Data shown:
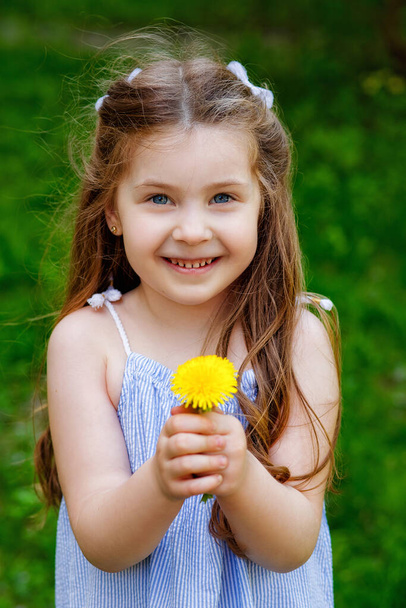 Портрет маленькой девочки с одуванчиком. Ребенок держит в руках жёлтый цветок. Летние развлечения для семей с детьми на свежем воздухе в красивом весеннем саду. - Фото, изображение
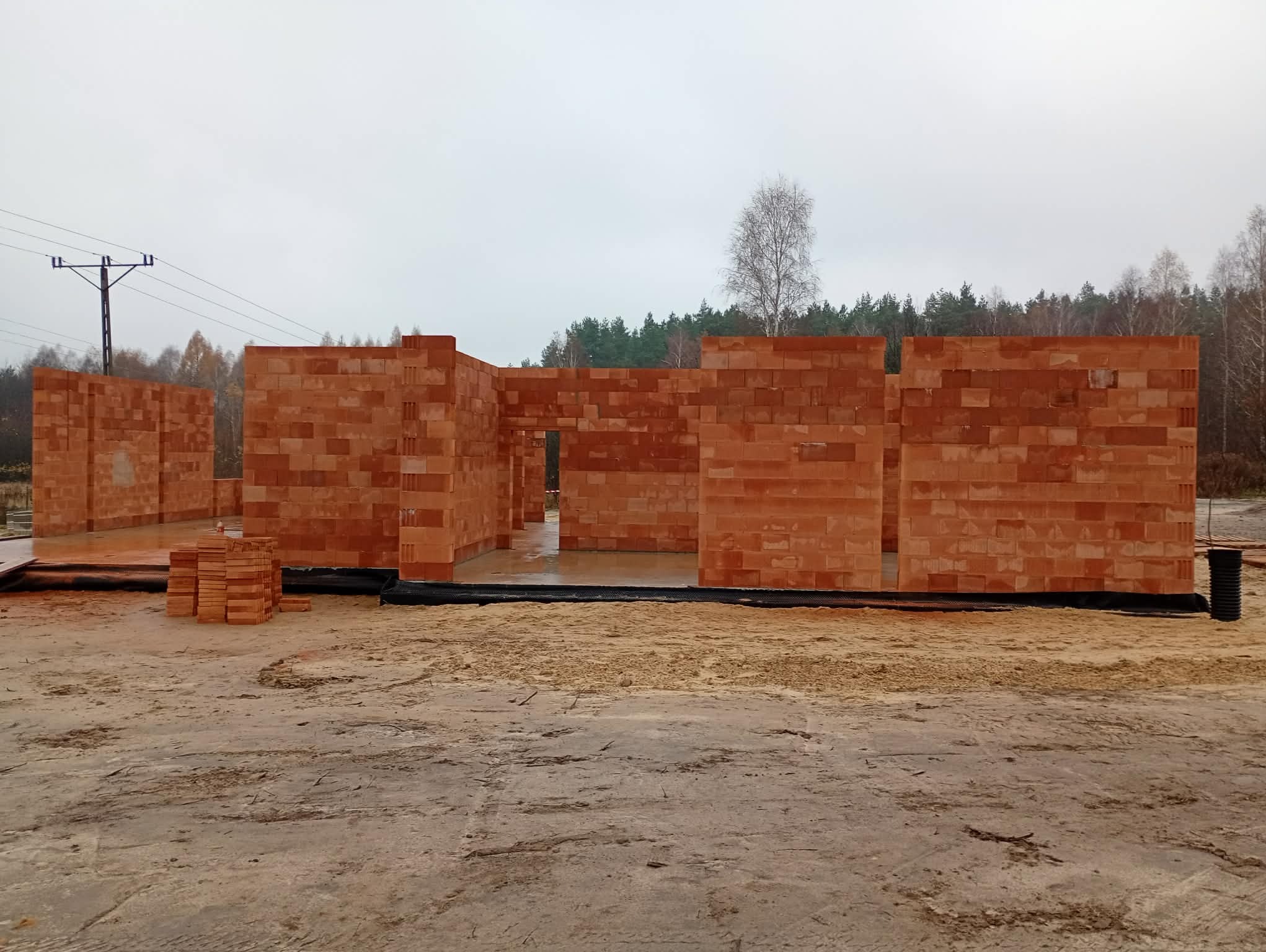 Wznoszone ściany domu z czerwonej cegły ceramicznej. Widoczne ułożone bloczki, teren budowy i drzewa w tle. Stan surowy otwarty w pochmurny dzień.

==

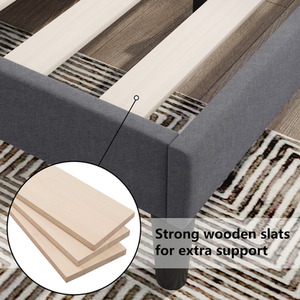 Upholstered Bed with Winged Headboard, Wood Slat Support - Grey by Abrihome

Prompt: Although the records hold pictures, the copy must not; give again exactly the lines from the one with "Портрет маленькой девочки" through the one with "Wznoszone ściany domu".

Task output:
 Портрет маленькой девочки с одуванчиком. Ребенок держит в руках жёлтый цветок. Летние развлечения для семей с детьми на свежем воздухе в красивом весеннем саду. - Фото, изображение
 Wznoszone ściany domu z czerwonej cegły ceramicznej. Widoczne ułożone bloczki, teren budowy i drzewa w tle. Stan surowy otwarty w pochmurny dzień.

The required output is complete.